Pemilihan jenis yang tepat
Jenis tanaman dengan sifat
resisten terhadap serangan hama dan penyakit dapat diperoleh secara karakter
alami atau dengan penerapan bioteknolgi berupa pemuliaan pohon. Setiap spesies
atau varietas mempunyai mekanisme pertahanan terhadap hama dan penyakit yang
berbeda. Pemilihan jenis yang resisten ini bukan bertujuan untuk menghilangkan
hama sama sekali karena hama juga mempunyai mekanisme evolusi tersendiri untuk
beradaptasi, tetapi minimal dapat menekan laju perkembangan hama dan penyakit.
Pemilihan jenis yang tepat dapat
dilakukan dengan pengamatan umum tegakan yang telah lama tumbuh di tempat (indigenous
trees) dengan mempertimbangkan aspek lain tentu saja. Panaman jenis eksotis
harus dicampur dengan jenis lokal guna meminimalisir dampak serangan hama dan
penyakit.
Pengaturan pola tanam dan jarak tanam
Pengaturan pola tanam terkait
dengan hama dan penyakit ditujukan untuk menciptakan tingkat kelembaban tanah
yang tidak terlalu tinggi. Pola tanam tumpangsari dapat mendukung berkembang
biaknya hama dan penyakit jika tidak tepat dalam pemilihan jenisnya. Pengaturan
pola tanam dan jarak tanam disesuaikan dengan jenis tanaman. Pengaturan jenis
tumpangsari, perlu dipilih jenis tanaman tumpangsari yang tidak mensyaratkan
penggenangan air/tanah dan selalu lembab. Apabila kondisi lahan cenderung
lembab agar diupayakan penggantian jenis non jati yang toleran terhadap
kelembaban tanah yang tinggi.
D. Monitoring dan Evaluasi
Untuk mengetahui efektifitas
dari upaya pemberantasan mendapatkan data pengamatan dari upaya penanggulangan
yang dilakukan, dilakukan pengamatan periodik pada lokasi yang pernah terserang
hama dan penyakit dibuat plot pengamatan permanen yang terdiri atas
berbagai perlakuan yang diterapkan
Monitoring dilakukan satu
bulan sekali/penilaian kondisi tanaman dilakukan sebelum pembuatan maupun
secara berkala setelah aplikasi perlakuan sangat penting dilakukan.
V.
KESIMPULAN DAN SARAN
5.1 Kesimpulan
·
Pengendalian hama dan penyakit pada hutan tanaman yang
menerapkan sistem monokultur harus dikelola dengan baik.
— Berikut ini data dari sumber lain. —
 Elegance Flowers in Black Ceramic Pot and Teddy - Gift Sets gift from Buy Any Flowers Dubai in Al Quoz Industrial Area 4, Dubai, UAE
Pemilihan teknik pengendalian
yang tepat sesuai dengan jenis hama dan penyakit yang menyerang akan menentukan
keberhasilan dan efectivitas pengendalian, dan untuk mengetahui jenis hama dan
penyakit yang menyerang perlu dilakukan identifikasi gejala dan atau tanda
serta kondisi lingkungan yang mendukung.
·
Pemilihan teknik pengendalian harus mempertimbangkan
aspek lingkungan, social dan ekonomi. Sehingga penerapan pengendalian hama
penyakit terpadu adalah lebih baik, dan penggunaan pestisida kimia harus
diminimalkan. Dan jika dengan terpaksa harus menggunakan pestisida kimia maka
aspek keamanan dan keselamatan harus diterapkan serta tidak menggunakan jenis
pestisida kimia yang dilarang digunakan di dalam kawasan hutan yang
bersertifikasi FSC.
5.2
Saran
Untuk praktikum berikutnya
dihaarapkan agar para praktikan deberi penuntun praktikum agar para praktikan
lebih memahami ketika melakukan praktikum, sehingga hasil yang diperoleh lebih
maksimal dan tidak terjadi kesalahan dalam melakukan praktikum.